EXERCISE AIM
Write out the data again exactly, skipping every picture.

GIVEN MATERIAL
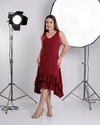 Vestido Mullet MIDI Babados - Vinho (Veste 40/42)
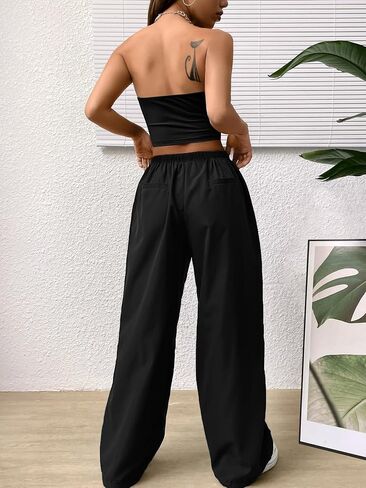 OYOANGLE Women's 2 Piece Strapless Backless Crop Tube Top and Wide Leg Cargo Pants Set Jumpsuit in Saudi Arabia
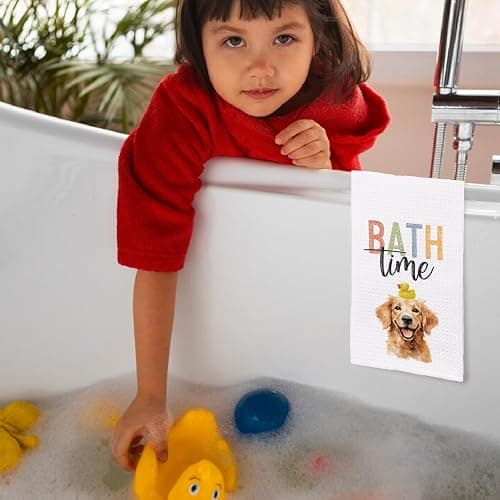 Yomisex Golden Retriever Gifts Bathroom Decor Hand Towels, Bath Time Golden Retriever Decorative Hand Towels for Kids Bathroom Decor 16x24 Inch thumbnail 2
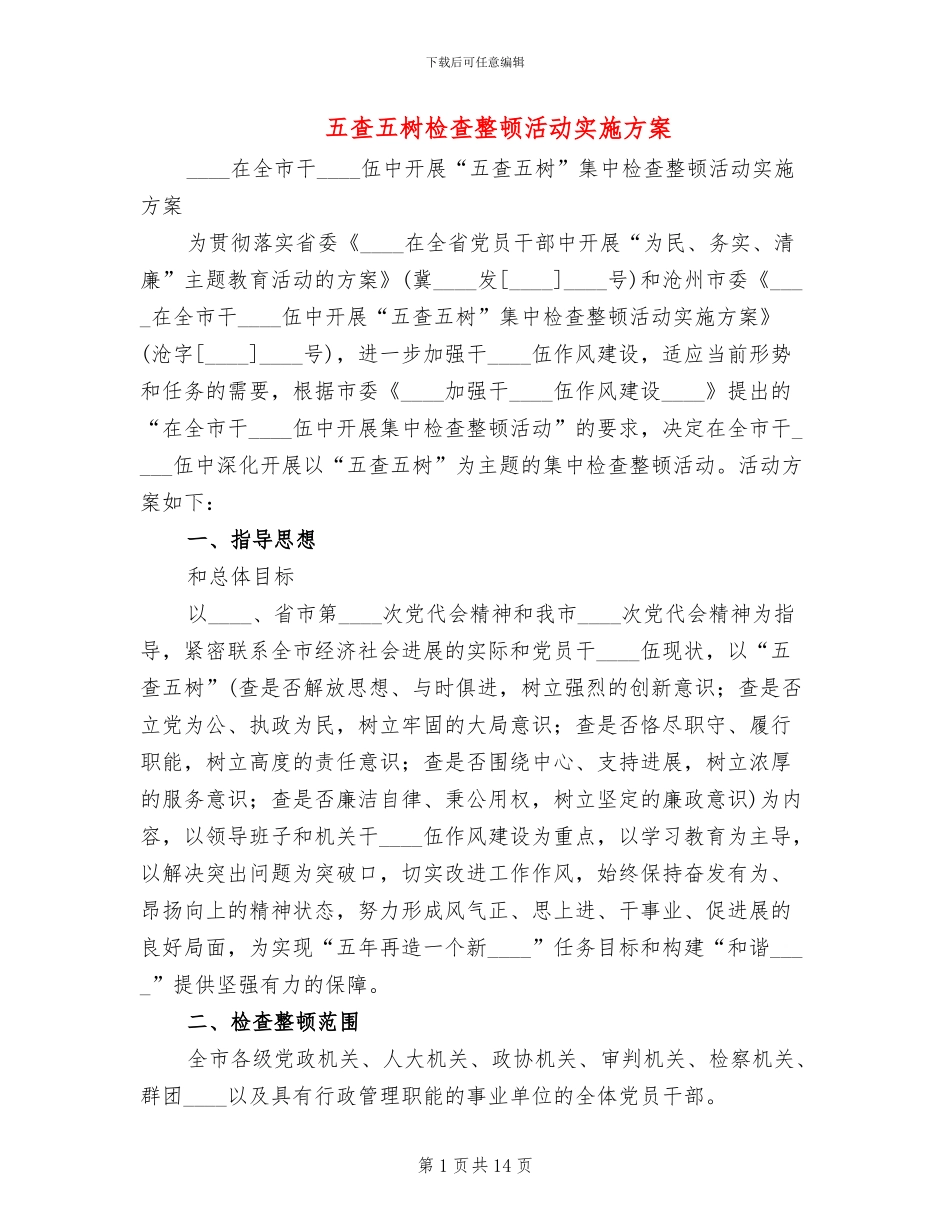 五查五树检查整顿活动实施方案_第1页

RESPONSE TO THIS EXERCISE
 Vestido Mullet MIDI Babados - Vinho (Veste 40/42)
 OYOANGLE Women's 2 Piece Strapless Backless Crop Tube Top and Wide Leg Cargo Pants Set Jumpsuit in Saudi Arabia
 Yomisex Golden Retriever Gifts Bathroom Decor Hand Towels, Bath Time Golden Retriever Decorative Hand Towels for Kids Bathroom Decor 16x24 Inch thumbnail 2
 五查五树检查整顿活动实施方案_第1页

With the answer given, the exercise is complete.